SET TRANSACTION PRIORITY HIGH;

Use case: Make OLTP transactions 10x less likely to abort than background analytics jobs by assigning higher priorities.

Deadlock Freedom

From the design document:

Priorities avoid starvation for arbitrarily long transactions and always pick a winner from between contending transactions (no mutual aborts).

How it works:

Each conflict has a winner (higher priority)
Loser increases priority on retry
Eventually, retrying transaction has highest priority
Guaranteed progress

Transaction Coordinator

Gateway Role

From docs/design.md:

Transactions are managed by the client proxy (or gateway in SQL Azure parlance). Unlike in Spanner, writes are not buffered but are sent directly to all implicated ranges.

Responsibilities:

Track transaction state
Send writes to appropriate ranges
Heartbeat transaction record
Resolve intents on commit/abort
Handle transaction restarts

Implementation: pkg/kv/kvclient/kvcoord/txn_coord_sender.go

Transaction Heartbeats

Transactions must periodically heartbeat their transaction record to prove they’re still alive.

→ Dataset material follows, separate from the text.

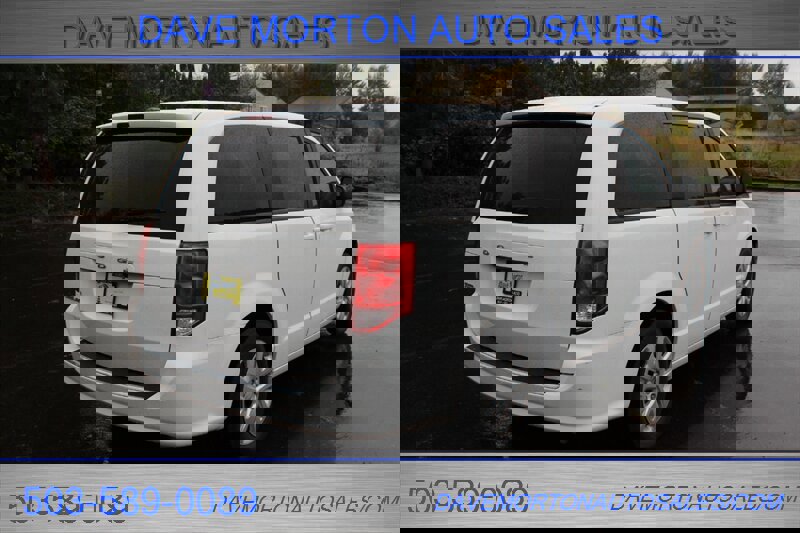 Used 2018 Dodge Grand Caravan SE w/ UConnect Hands-Free Group image 4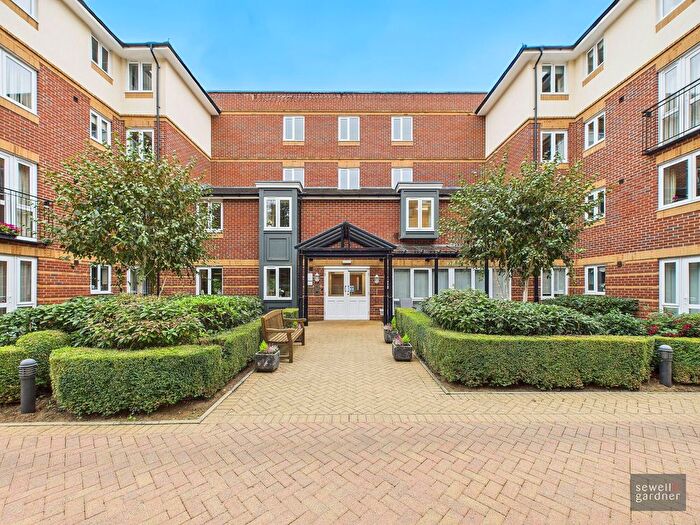 1 Bedroom Flat For Sale In High Street, Rickmansworth, WD3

Default interval: 5 seconds.

Purpose:

Detect abandoned transactions
Allow cleanup of orphaned intents
Prevent blocking on dead transactions

If heartbeat stops:

Other transactions can abort the abandoned transaction
Intents cleaned up on encounter
Range remains available

From the design document:

Transactions encountered by readers or writers with dangling intents which haven’t been heartbeat within the required interval are aborted.

Write Intents

Intent Structure

Intents are MVCC values with metadata:

Physical Storage:

Key: /users/1/name
MVCC Timestamp: 100
Value: {
  Data: "Alice"
  Metadata: {
    IntentFlag: true
    TxnID: "550e8400-e29b-41d4-a716-446655440000"
    TxnTimestamp: 100
    TxnPriority: 0.8
  }
}

Intent Resolution

After commit:

// Simplified intent resolution
for each intent in transaction {
    if txn.Status == COMMITTED {
        // Remove intent metadata, keep value
        resolveIntent(intent.Key, COMMITTED)
    } else {
        // Remove intent entirely
        resolveIntent(intent.Key, ABORTED)
    }
}

Opportunistic Resolution

Intents resolved in multiple ways:

Async resolution: Gateway resolves after commit
On encounter: Other transactions resolve when found
GC process: Periodic cleanup of abandoned intents
Intent resolution queue: Background processing

Distributed Transactions

Single-Range Transactions

Write intent to range
Write transaction record to same range
Commit transaction record via Raft
Resolve intent

All operations in one Raft group - simple and fast

Multi-Range Transactions

Transaction touches ranges A, B, C:

1. Write intents to A, B, C in parallel
2. Write txn record to range A
3. Commit txn record in A via Raft
4. Resolve intents in A, B, C (async)

Intents in B and C reference txn record in A

Commit is atomic: once transaction record committed in one range, entire transaction is committed even if intent resolution incomplete.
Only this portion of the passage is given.